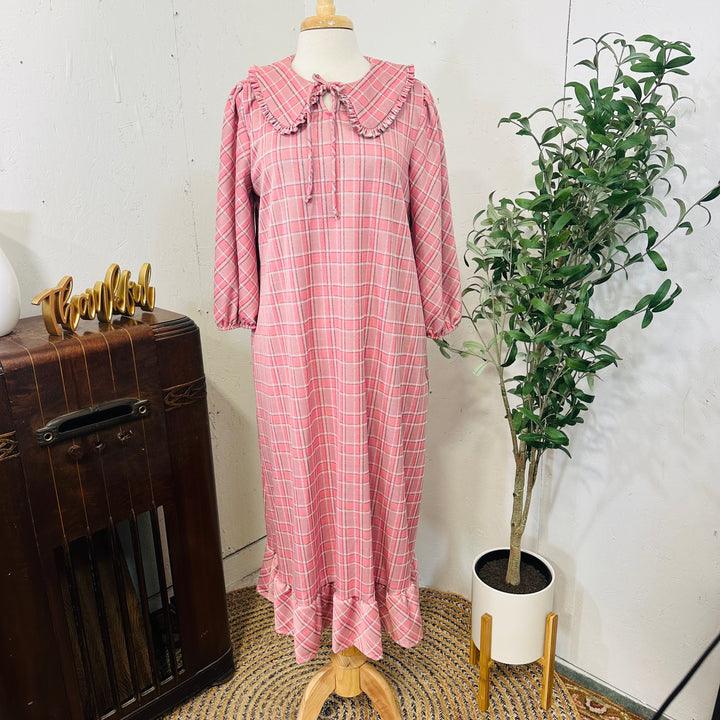 Liza Lou’s Pink Plaid Dress w/ Peter Pan Collar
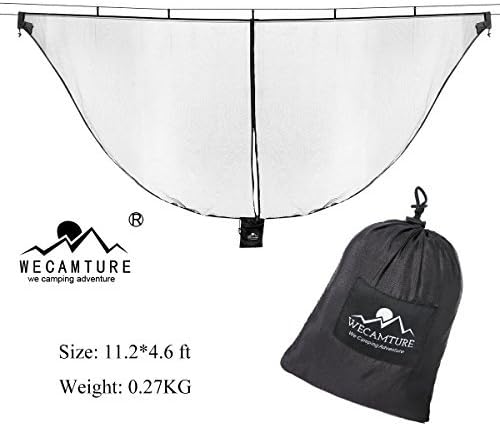Wecamture Hammock Bug Mosquito Net XL 11x4.6FT No-See-Ums Polyester Fabric for 360 Degree Protection Dual Sided Diagonal Zipper For Easy Access Fits All Hammocks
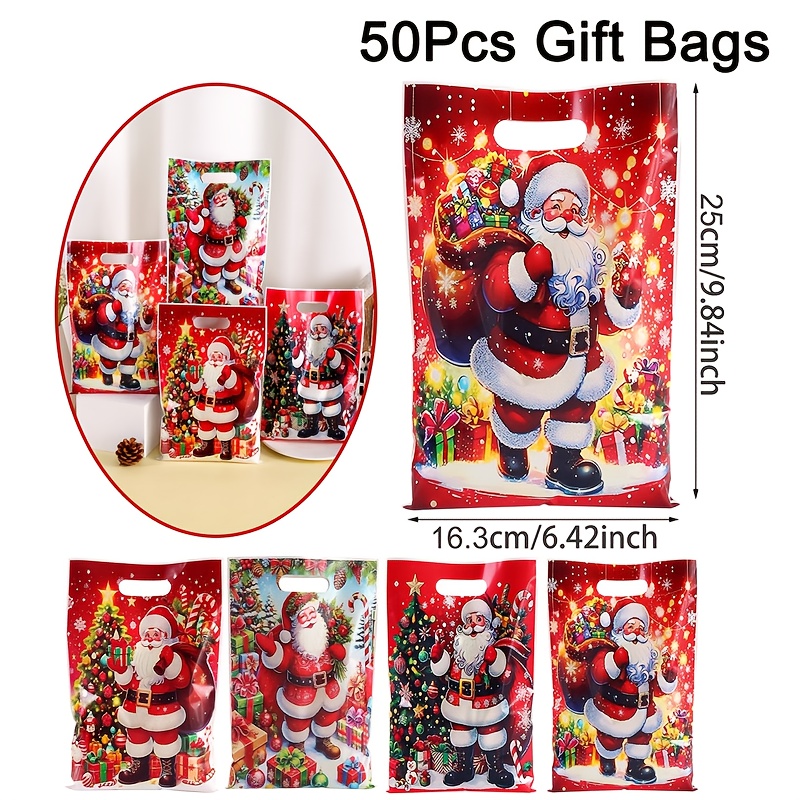 Gift For Her/him Set Of 50 Christmas Gift Bags Featuring Handles, With Santa Claus And Christmas , Ideal For Family Celebrations And Winter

## Problem requirements
Please print the data above once more, exactly as it appears, with no pictures.

## Exercise answer
 Liza Lou’s Pink Plaid Dress w/ Peter Pan Collar
Wecamture Hammock Bug Mosquito Net XL 11x4.6FT No-See-Ums Polyester Fabric for 360 Degree Protection Dual Sided Diagonal Zipper For Easy Access Fits All Hammocks
 Gift For Her/him Set Of 50 Christmas Gift Bags Featuring Handles, With Santa Claus And Christmas , Ideal For Family Celebrations And Winter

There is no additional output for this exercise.